DATA RECORDS >>
- - - - - - -

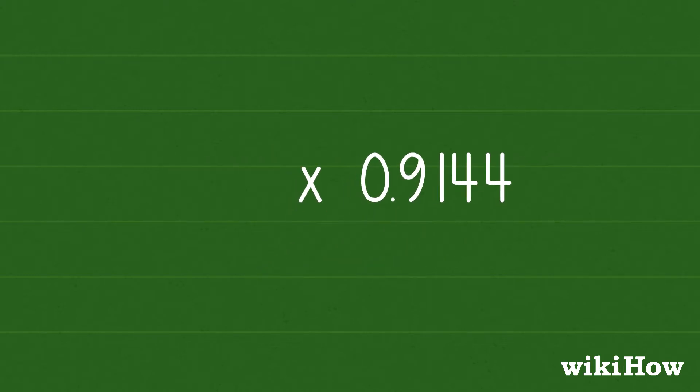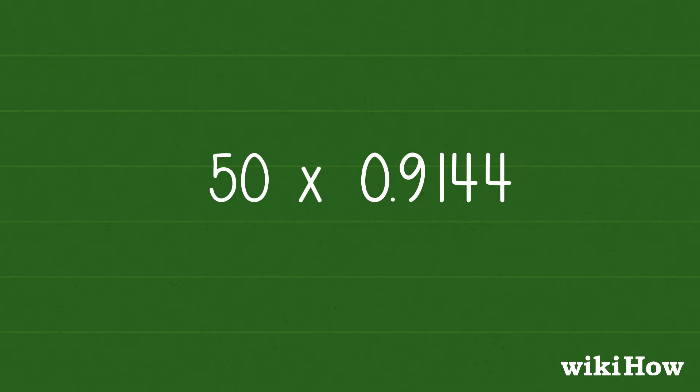For instance, to find the length of 50 yards in meters, multiply 50 by 0.9144 to get 45.72 meters.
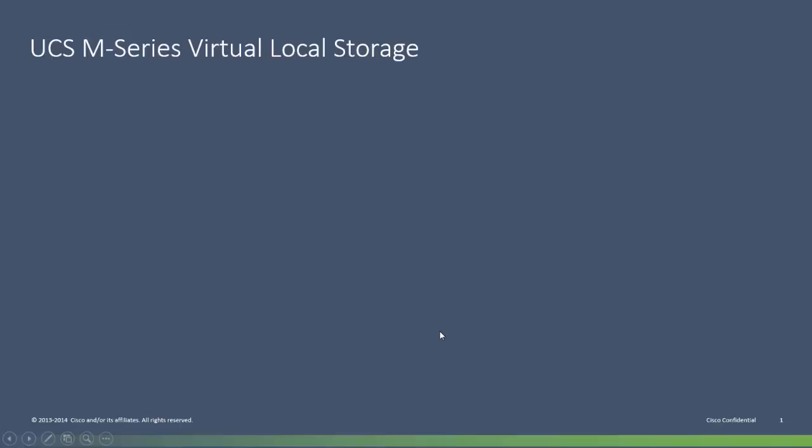Hello, I'm Mark Rossner, a technical marketing engineer in the Cisco server products group. I want to look at one single slide introducing the UCS M series virtual local storage feature and the new elements in UCS Manager used to manage this feature. Then I'll jump straight to the live demo of UCS Manager and show you how to set this all up.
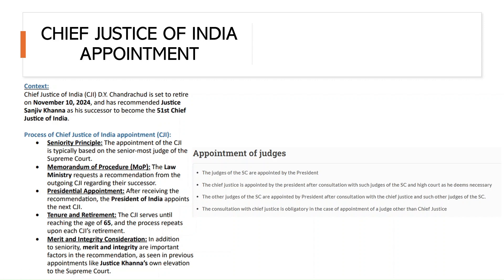The first update is on the appointment of the Chief Justice of India. The former Chief Justice of India, D.Y. Chandrachud, retired on November 10th of 2024, and recommended Justice Sanjiv Khanna as his successor, who will become the 51st Chief Justice of India in the upcoming year.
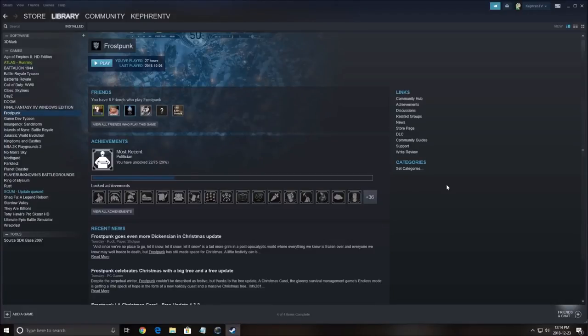Hi everybody, this is Kefren your favorite French-Canadian. Today I'm going to show you how to improve your FPS in the game Atlas.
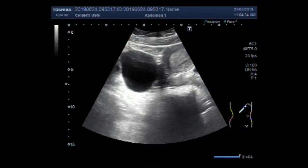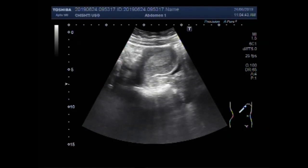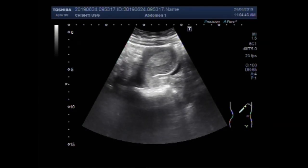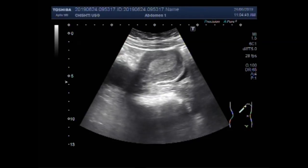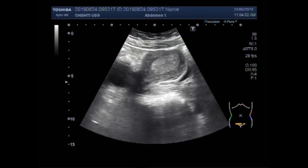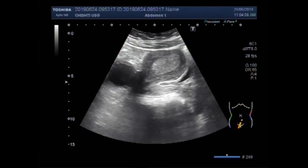Dear viewers, I hope you are all fine. This ultrasound video shows scanning of the uterus and ovaries. You can see the uterus — this is the uterus, this is the cervix, and this is the urinary bladder.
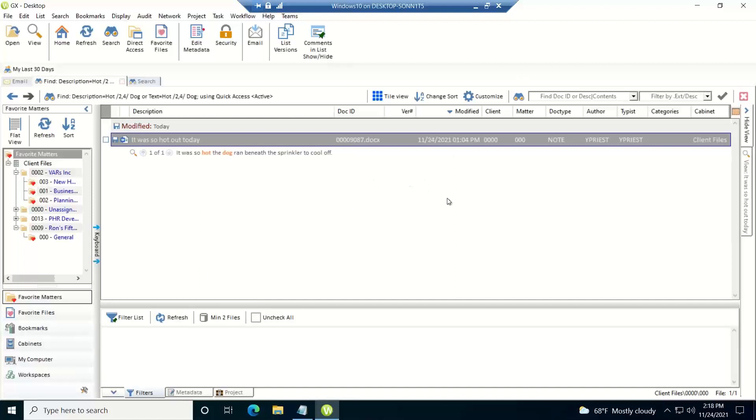So that's how you could do a proximity range search rather than just a broad proximity search. So those are the options that I want to show in this video as far as using these Boolean, wildcard, exact, and proximity syntaxes within the searches.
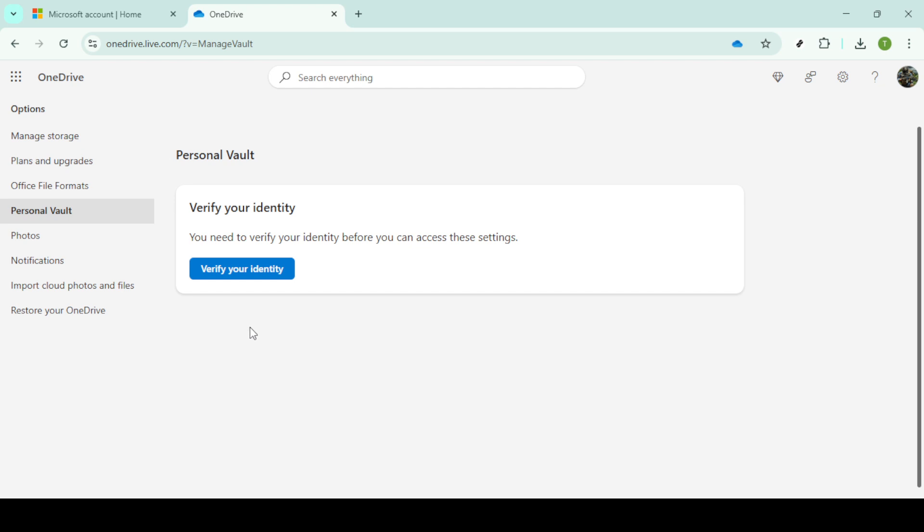And that's it, you have successfully disabled the Personal Vault in OneDrive. Thanks for following along today, and I hope this was helpful. Feel free to reach out if you have more questions or need further assistance with OneDrive or any other Microsoft services.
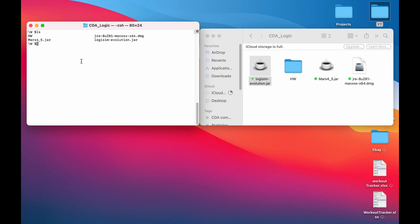After that, you will want to type the following code: java -jar, the name of your Logisim program, -analyze. Press enter and it will automatically start the program for you.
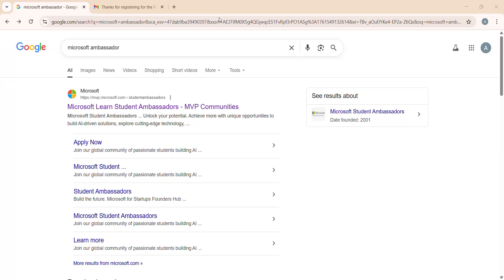Hello everyone, welcome to my channel. In this video, we are going to cover all the things related to the Microsoft Student Ambassador Program — how we can register, how we can get a contributor ID, and how we can enroll those contributor IDs with the program links.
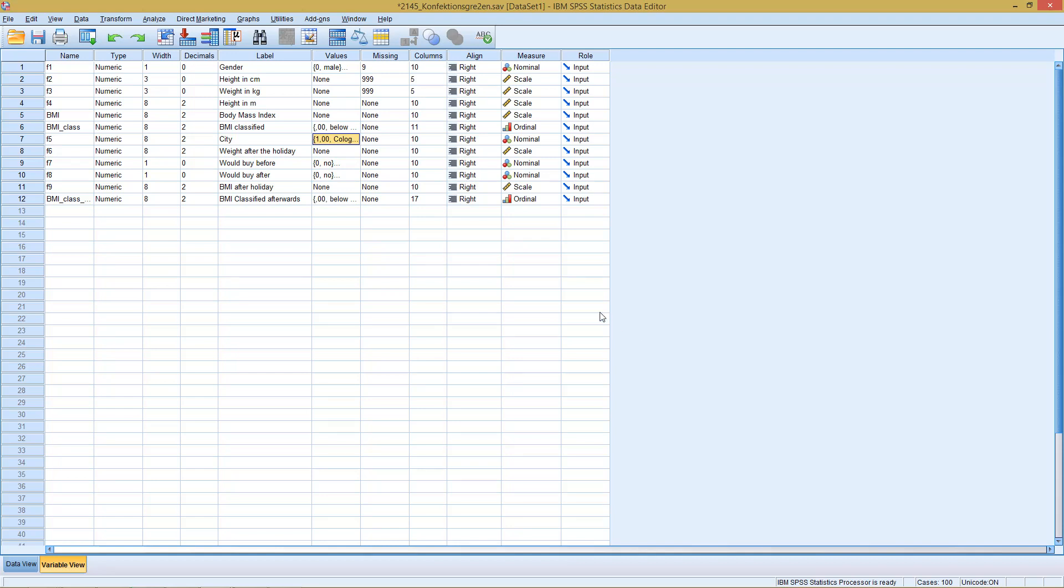The Kruskal-Wallis H-Test is an extension of the Mann-Whitney-U-Test, meaning while with the Mann-Whitney-U-Test we have two independent samples based on ordinal data, here in this case we have up to, well, an infinite number, but two or more, in general speaking terms, independent samples which we compare, which we compare at the same time.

- - - - - - -

TASK GOAL >> Could you write out every line above exactly as it stands, with no images?

SOLUTION TO THIS EXERCISE >>
For instance, to find the length of 50 yards in meters, multiply 50 by 0.9144 to get 45.72 meters.
Hello, I'm Mark Rossner, a technical marketing engineer in the Cisco server products group. I want to look at one single slide introducing the UCS M series virtual local storage feature and the new elements in UCS Manager used to manage this feature. Then I'll jump straight to the live demo of UCS Manager and show you how to set this all up.
The first update is on the appointment of the Chief Justice of India. The former Chief Justice of India, D.Y. Chandrachud, retired on November 10th of 2024, and recommended Justice Sanjiv Khanna as his successor, who will become the 51st Chief Justice of India in the upcoming year.
Hi everybody, this is Kefren your favorite French-Canadian. Today I'm going to show you how to improve your FPS in the game Atlas.
Dear viewers, I hope you are all fine. This ultrasound video shows scanning of the uterus and ovaries. You can see the uterus — this is the uterus, this is the cervix, and this is the urinary bladder.
So that's how you could do a proximity range search rather than just a broad proximity search. So those are the options that I want to show in this video as far as using these Boolean, wildcard, exact, and proximity syntaxes within the searches.
And that's it, you have successfully disabled the Personal Vault in OneDrive. Thanks for following along today, and I hope this was helpful. Feel free to reach out if you have more questions or need further assistance with OneDrive or any other Microsoft services.
After that, you will want to type the following code: java -jar, the name of your Logisim program, -analyze. Press enter and it will automatically start the program for you.
Hello everyone, welcome to my channel. In this video, we are going to cover all the things related to the Microsoft Student Ambassador Program — how we can register, how we can get a contributor ID, and how we can enroll those contributor IDs with the program links.
The Kruskal-Wallis H-Test is an extension of the Mann-Whitney-U-Test, meaning while with the Mann-Whitney-U-Test we have two independent samples based on ordinal data, here in this case we have up to, well, an infinite number, but two or more, in general speaking terms, independent samples which we compare, which we compare at the same time.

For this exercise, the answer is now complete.